+++ Stored data

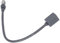 Haofy Satellite -Ethernet -Adapter Adattatore per Cavi 1200 Mbit/S per Gen 3, SPX MASH Fino a RJ45 per L'uso All'aperto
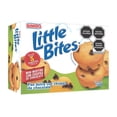 thumbnail image 2 of Pan Dulce Bimbo Little Bites Chispas Chocolate 5p 234 g, 2 of 4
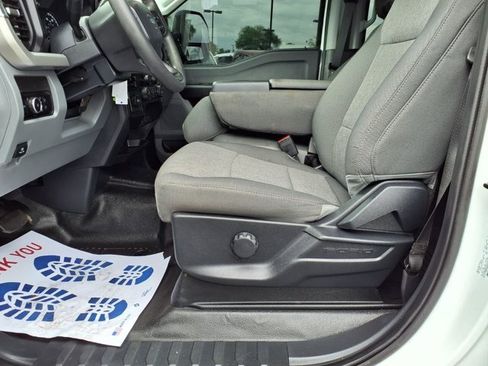 Certified 2024 Ford F250 XL w/ XL Driver Assist Package RWD image 23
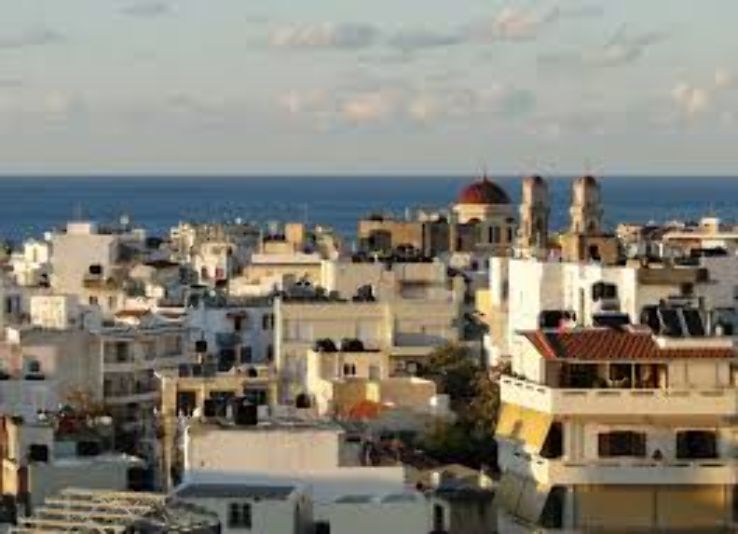 Heraklion Trip Packages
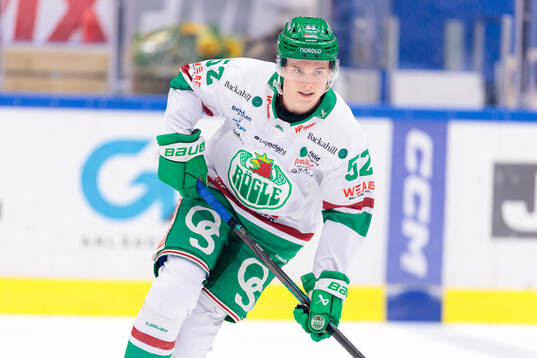Rögles Felix Nilsson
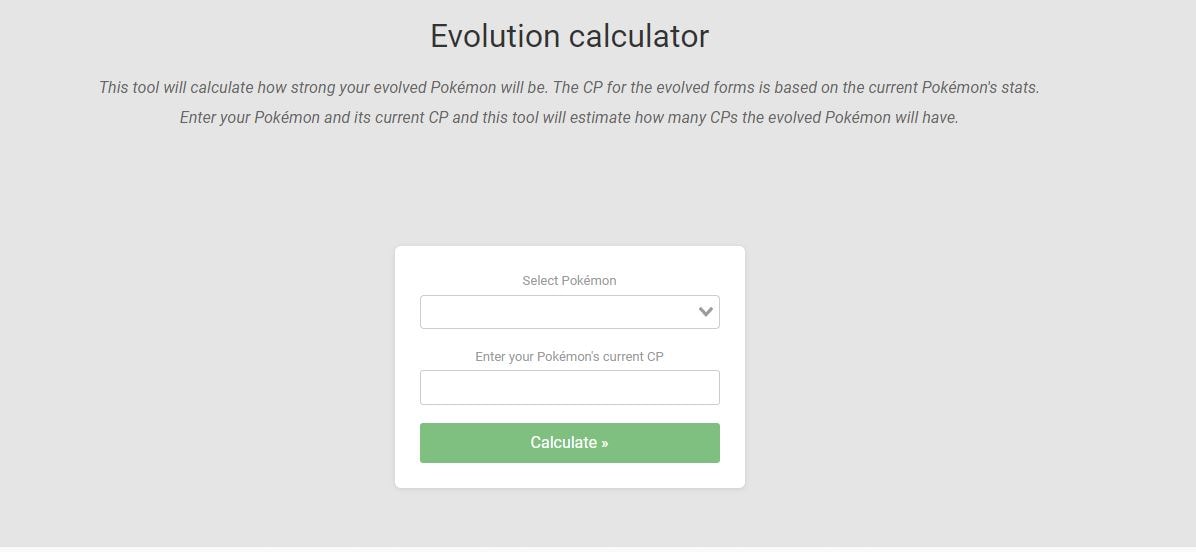 enter cp and choose pokemon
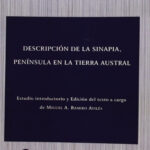 Descripción De La Sinopia, Península En La Tierra Austral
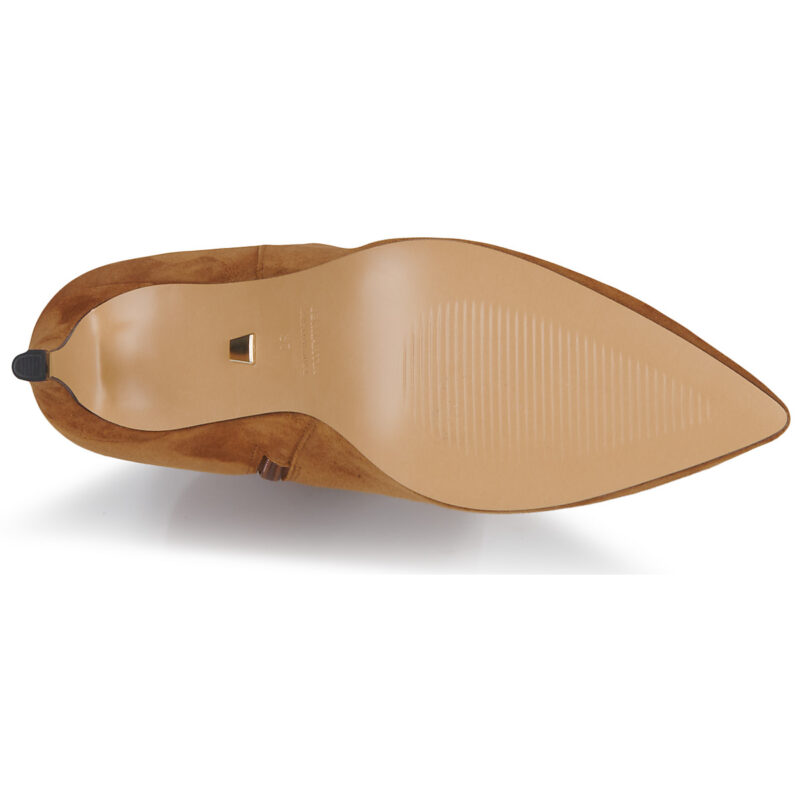 JB Martin EMMY Marrone Stivaletti Donna - 7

++++++

*What you need to do:* Please copy the records above word for word, leaving out every picture.

*Final answer:*
 Haofy Satellite -Ethernet -Adapter Adattatore per Cavi 1200 Mbit/S per Gen 3, SPX MASH Fino a RJ45 per L'uso All'aperto
 thumbnail image 2 of Pan Dulce Bimbo Little Bites Chispas Chocolate 5p 234 g, 2 of 4
 Certified 2024 Ford F250 XL w/ XL Driver Assist Package RWD image 23
 Heraklion Trip Packages
Rögles Felix Nilsson
 enter cp and choose pokemon
 Descripción De La Sinopia, Península En La Tierra Austral
 JB Martin EMMY Marrone Stivaletti Donna - 7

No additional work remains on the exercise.